The Gadwall’s strange name has been in use since around 1666, although its etymology is unknown. The plural form is either “gadwall” or “gadwalls.”
Although not brightly colored or flashy, the gadwall’s plumage has a subtle elegance; the bird is gray and brown with a white belly. The female is similar in appearance to a mallard hen; because of this similarity, gadwalls are often misidentified.
Courtship displays are quite involved. First the male begins posturing with his head and tail and then the female joins in at which point they may display separately or together.
Gadwalls pair up four to five months before the breeding season and remain monogamous until the start of incubation, when the males leave to gather in all-male group.
In general, gadwalls breed later in the season than other ducks.

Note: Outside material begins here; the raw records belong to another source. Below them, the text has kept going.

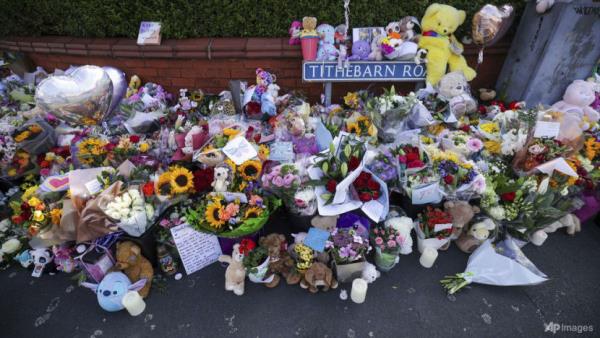 After girls' killings in Southport spur violence, UK police ready for more clashes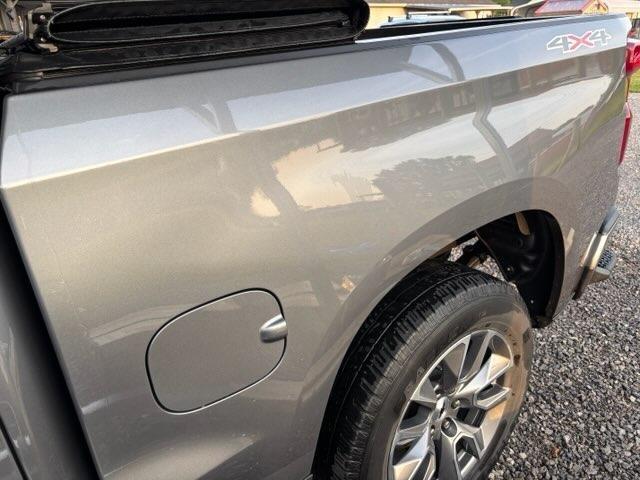 used 2021 Chevrolet Silverado 1500 car, priced at $34,396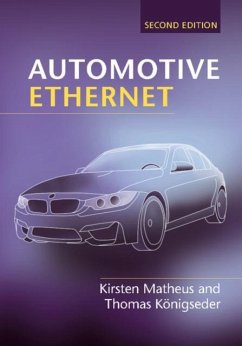 Automotive Ethernet (eBook, PDF) - Matheus, Kirsten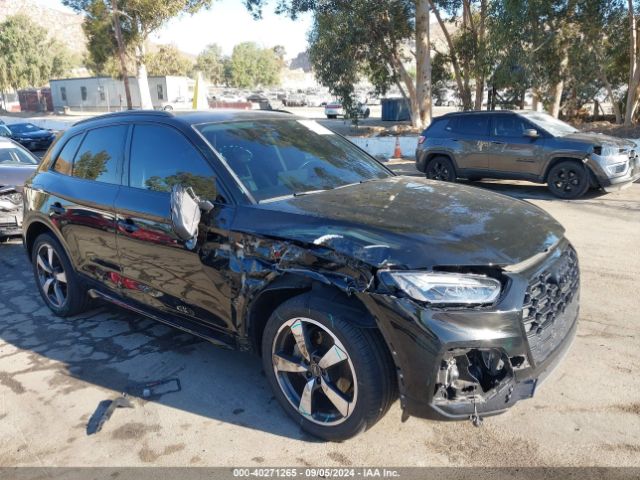 audi q5 2022 wa1eaafy0n2061828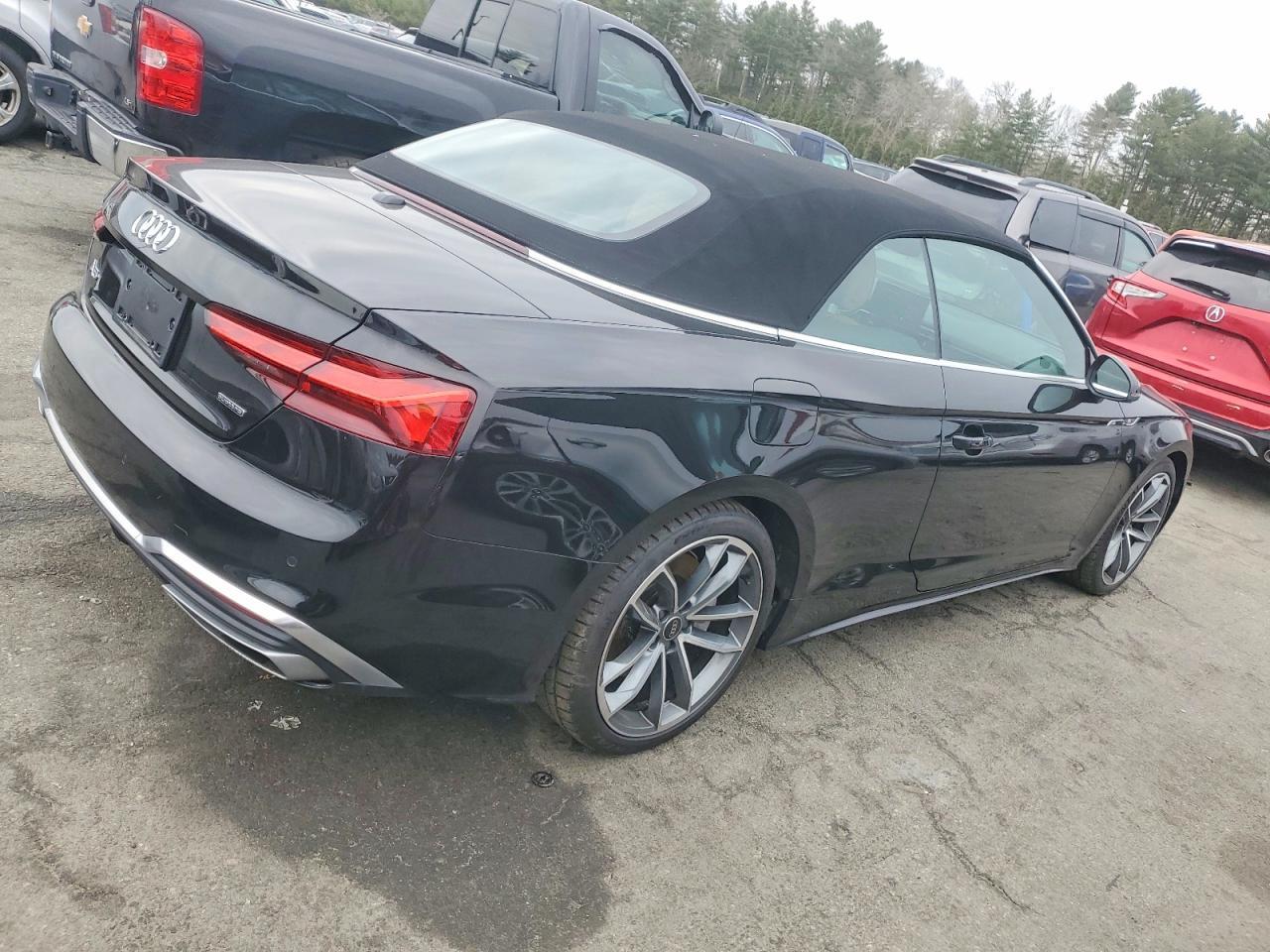 2024 Audi A5 Premium Plus 45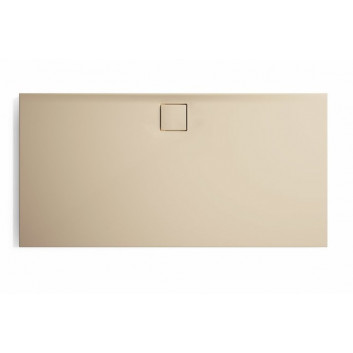 Shower tray rectangular HUPPE Purano, 90x80cm, white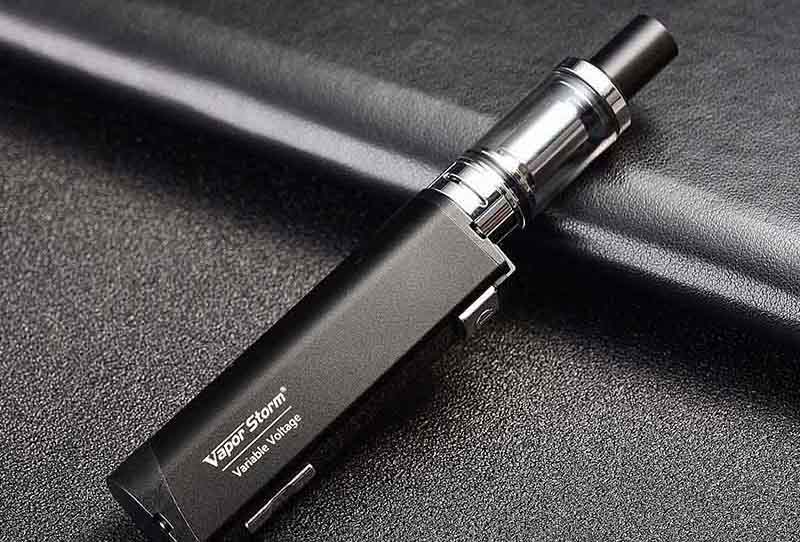Vapor Storm Mini 16 Kit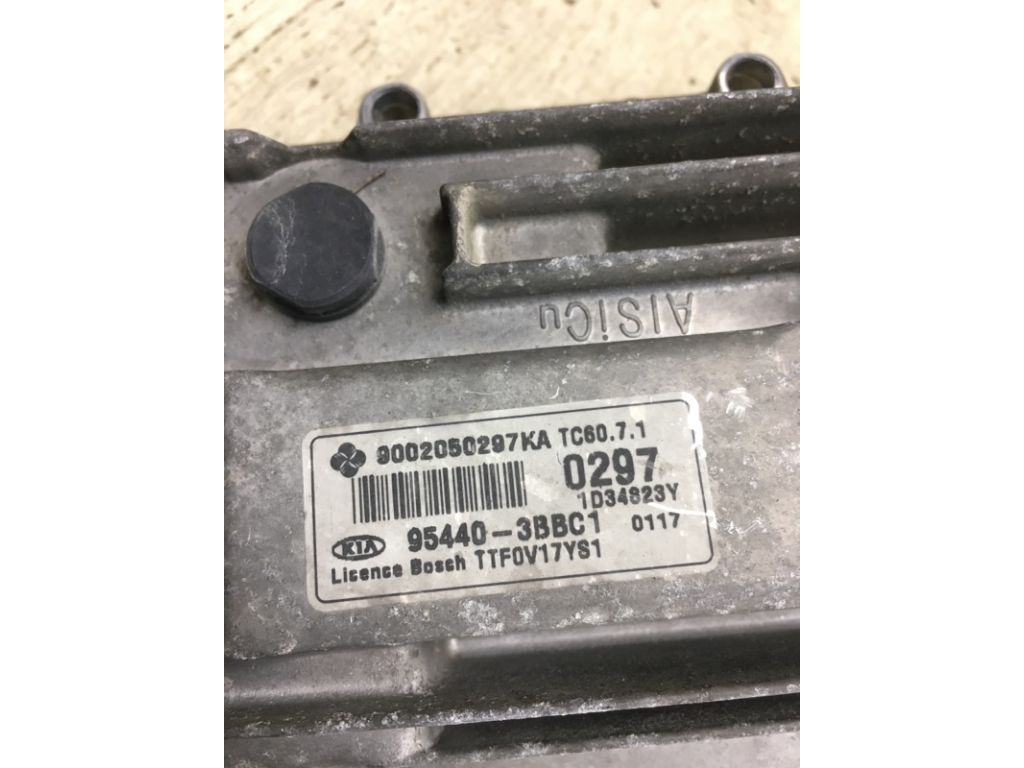 95440-3BBC1 | Блок управления АКПП KIA OPTIMA TF 11-16 - Фото 4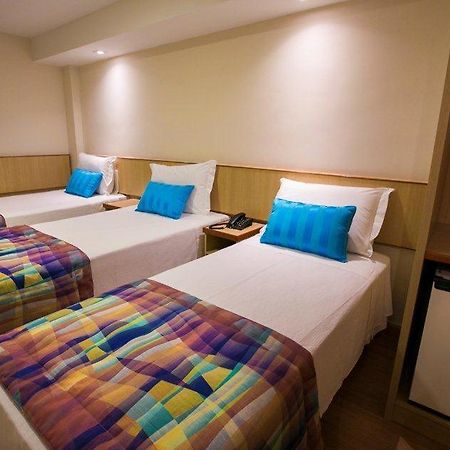 Lapa Ville Hotel ริโอเดจาเนโร ภายนอก รูปภาพ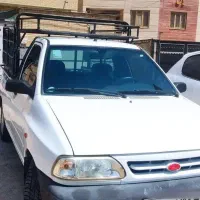 پراید وانت ۴۰۱|خودرو سواری و وانت|شیراز, پودنک|دیوار
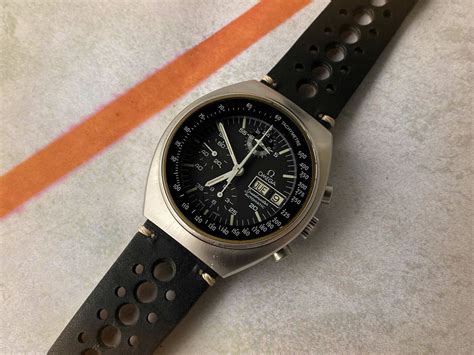 omega speedmaster mark 4.5 bracelet|omega speedmaster mark 4.5 review.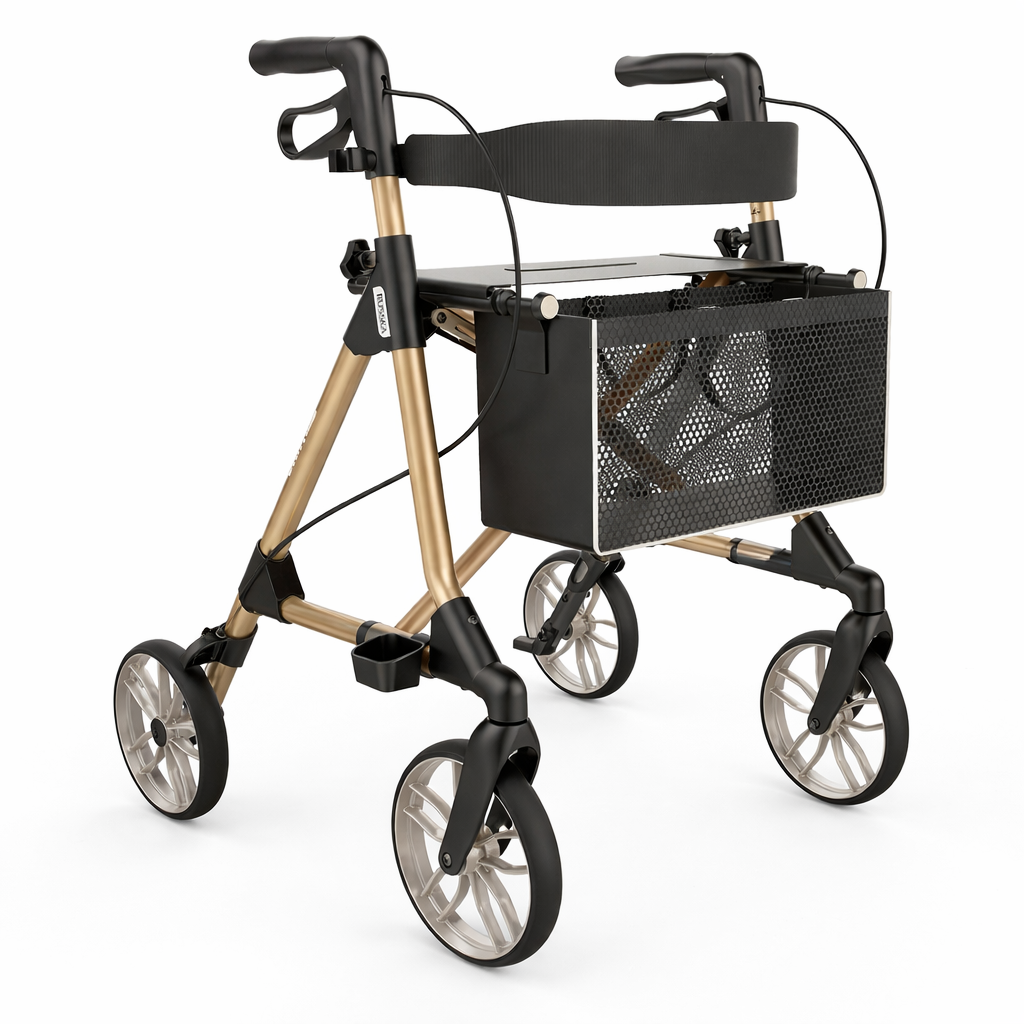 Leichtgewichtrollator Elan Classic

The female selects the nest site and makes a nest of grasses and down. She lays eight to ten eggs and incubates them for just under four weeks. It doesn't take long for the newly hatched gadwalls to leave the nest, swim and find their own food.
Males have a short call and a whistle; females a quack.
Gadwalls feed on vegetation and can be seen far from shore, dabbling their heads into the water, tail up in the air, or diving for their food. They have a predilection for ponds and marshes.
When young they also eat invertebrates and sometimes fish. In winter they often forage in brackish water.
With the cooler weather, gadwalls migrate to the southern US as well as Guatemala. These birds have the widest range of any duck. Very often they can be seen alongside the American widgeon and the American coot.
The bird is of medium size, about 14 ½ inches long. It has many predators, including humans, coyotes, raccoons, foxes, badgers and hawks. Its most vulnerable times are when molting or nesting.